Speaker 21 So let's go watch it right now.

Speaker 15 My guest tonight is a Grammy Award-winning musician. You know her from Alabama Shakespeare.
Her debut solo album is called Jamie. Please welcome Brittany Howard.

Speaker 15 Welcome, welcome, welcome to the show.

Speaker 22 Thank you for having me.

Speaker 15 It is truly such a great honor to have you here.

Speaker 15 Not just because I'm a fan of your music, because I'm a fan of how much people are a fan of your music, which sounds like a weird thing.

Speaker 15 But I always love artists that just get people excited wherever they go. Like, have you ever wondered why people love everything you do just beyond the music?

Speaker 22 Well, I like to think I'm just who I am. I'm not putting on any false fronts, and I'm coming up here and just trying to make people feel more comfortable about being who they are and to embrace that.

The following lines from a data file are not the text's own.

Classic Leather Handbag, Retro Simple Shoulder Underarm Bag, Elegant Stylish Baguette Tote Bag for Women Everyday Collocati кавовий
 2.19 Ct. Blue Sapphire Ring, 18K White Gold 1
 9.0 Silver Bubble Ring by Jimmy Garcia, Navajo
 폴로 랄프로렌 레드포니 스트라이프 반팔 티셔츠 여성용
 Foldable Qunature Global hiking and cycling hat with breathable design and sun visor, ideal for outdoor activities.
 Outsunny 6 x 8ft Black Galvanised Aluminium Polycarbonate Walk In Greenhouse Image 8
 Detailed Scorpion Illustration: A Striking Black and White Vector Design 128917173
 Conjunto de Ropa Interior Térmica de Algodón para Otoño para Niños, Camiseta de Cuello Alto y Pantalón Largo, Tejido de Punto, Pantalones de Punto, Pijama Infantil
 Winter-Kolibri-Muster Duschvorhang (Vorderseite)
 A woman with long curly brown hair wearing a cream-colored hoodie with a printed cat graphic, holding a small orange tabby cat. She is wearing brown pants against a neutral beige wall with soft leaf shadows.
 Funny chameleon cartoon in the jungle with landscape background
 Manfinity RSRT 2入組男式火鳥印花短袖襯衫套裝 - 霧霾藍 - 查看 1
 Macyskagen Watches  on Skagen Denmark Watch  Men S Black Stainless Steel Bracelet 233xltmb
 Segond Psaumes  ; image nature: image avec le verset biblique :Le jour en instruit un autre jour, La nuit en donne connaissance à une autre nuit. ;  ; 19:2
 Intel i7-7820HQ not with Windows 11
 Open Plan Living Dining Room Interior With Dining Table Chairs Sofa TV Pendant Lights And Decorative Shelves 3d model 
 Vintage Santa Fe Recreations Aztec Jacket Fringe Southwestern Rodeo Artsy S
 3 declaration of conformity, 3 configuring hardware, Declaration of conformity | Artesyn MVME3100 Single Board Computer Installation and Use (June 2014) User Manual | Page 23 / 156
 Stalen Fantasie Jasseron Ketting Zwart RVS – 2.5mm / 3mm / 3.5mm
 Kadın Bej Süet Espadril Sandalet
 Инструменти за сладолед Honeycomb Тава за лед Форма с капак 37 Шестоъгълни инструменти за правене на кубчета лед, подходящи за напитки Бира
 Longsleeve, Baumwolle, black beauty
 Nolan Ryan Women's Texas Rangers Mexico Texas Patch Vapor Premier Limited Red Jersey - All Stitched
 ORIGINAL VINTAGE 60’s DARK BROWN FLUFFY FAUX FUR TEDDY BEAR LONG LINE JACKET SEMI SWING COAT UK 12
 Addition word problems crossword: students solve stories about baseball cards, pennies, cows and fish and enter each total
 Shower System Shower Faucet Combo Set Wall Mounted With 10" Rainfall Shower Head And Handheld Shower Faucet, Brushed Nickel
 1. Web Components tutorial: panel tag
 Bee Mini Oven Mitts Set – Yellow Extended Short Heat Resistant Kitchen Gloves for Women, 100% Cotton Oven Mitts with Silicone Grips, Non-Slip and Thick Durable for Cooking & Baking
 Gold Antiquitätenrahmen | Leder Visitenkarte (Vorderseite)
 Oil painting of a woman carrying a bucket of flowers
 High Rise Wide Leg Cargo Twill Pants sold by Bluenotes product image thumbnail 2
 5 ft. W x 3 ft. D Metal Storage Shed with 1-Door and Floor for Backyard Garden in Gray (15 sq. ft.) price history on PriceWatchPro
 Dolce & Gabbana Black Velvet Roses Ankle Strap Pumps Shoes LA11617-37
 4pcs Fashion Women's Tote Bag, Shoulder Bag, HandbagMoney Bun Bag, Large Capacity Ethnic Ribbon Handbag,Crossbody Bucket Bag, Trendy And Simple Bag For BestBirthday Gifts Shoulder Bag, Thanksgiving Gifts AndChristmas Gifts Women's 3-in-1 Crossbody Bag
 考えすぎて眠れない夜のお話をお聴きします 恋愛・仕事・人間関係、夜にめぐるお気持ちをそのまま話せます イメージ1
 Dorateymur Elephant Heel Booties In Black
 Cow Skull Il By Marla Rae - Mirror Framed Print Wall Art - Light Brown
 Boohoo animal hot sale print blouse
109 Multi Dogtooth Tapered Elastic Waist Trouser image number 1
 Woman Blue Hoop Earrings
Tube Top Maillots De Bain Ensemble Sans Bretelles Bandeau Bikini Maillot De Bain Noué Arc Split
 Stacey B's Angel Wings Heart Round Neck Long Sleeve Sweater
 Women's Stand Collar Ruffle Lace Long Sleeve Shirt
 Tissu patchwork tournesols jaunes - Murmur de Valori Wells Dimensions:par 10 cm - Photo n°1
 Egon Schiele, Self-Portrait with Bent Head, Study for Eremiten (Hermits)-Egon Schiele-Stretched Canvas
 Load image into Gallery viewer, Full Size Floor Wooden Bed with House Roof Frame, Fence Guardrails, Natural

Speaker 22 And I feel like that's kind of the best thing I can do right now at this moment in time.

Speaker 15 It's just be yourself. Just be myself.

Speaker 15 Thank you.

Speaker 15 And

Speaker 15 being yourself has been really good, you know.

Speaker 15 You have a bunch of Grammys with Alabama Shakes and now with your debut solo album, two Grammy nominations.

Speaker 11 Congratulations. Thank you.

Speaker 11 Thank you. Thank you.
It's been wild. It's been a wild ride.

Speaker 22 You know, I used to work for the post office. I used to work for a Cracker Birl.
I used to work for Shonys. I don't know if y'all know what that is.

Speaker 22 I've had so many jobs and in the back of my mind, I was like, but I'll always do music and I'll always love music, but this might be the best I get for now.

Speaker 22 But I still still got that dream and then being here on a show this is the first time I've ever spoken on the show

Speaker 15 that's wild that's wild having grandma's that's wild it is wild it's crazy you've been on a wild journey and and and it is a scary step to take because you know Alabama Shakes is really successful because they're headlining festivals and you you know you you're selling out smash concerts and and then you go out and you and you create a solo album which is a terrifying stage for any musician to take in their career, you know, to move to that next stage.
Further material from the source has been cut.